TASK:
Wherever a line of the records contains "from", copy that line.

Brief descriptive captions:
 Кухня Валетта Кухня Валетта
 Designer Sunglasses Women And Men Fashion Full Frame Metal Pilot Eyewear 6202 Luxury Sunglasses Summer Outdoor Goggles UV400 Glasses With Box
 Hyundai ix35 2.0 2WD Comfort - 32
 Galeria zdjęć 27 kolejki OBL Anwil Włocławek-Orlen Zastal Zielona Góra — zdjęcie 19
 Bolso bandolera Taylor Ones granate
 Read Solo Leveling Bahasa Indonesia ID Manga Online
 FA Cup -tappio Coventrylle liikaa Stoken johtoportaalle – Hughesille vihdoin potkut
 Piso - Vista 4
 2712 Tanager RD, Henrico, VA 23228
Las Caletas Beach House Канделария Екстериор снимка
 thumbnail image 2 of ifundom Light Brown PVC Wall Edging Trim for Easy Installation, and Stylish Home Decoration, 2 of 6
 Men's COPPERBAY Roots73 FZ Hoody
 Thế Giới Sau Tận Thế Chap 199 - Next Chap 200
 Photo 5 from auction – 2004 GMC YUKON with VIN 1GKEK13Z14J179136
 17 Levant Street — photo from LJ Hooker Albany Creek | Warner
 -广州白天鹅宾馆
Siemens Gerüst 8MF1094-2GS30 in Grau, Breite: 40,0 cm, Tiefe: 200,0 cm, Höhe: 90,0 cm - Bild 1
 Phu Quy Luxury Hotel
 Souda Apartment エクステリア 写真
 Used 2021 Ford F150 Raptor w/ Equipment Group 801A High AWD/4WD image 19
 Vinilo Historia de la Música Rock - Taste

RESPONSE TO THIS TASK:
 Photo 5 from auction – 2004 GMC YUKON with VIN 1GKEK13Z14J179136
 17 Levant Street — photo from LJ Hooker Albany Creek | Warner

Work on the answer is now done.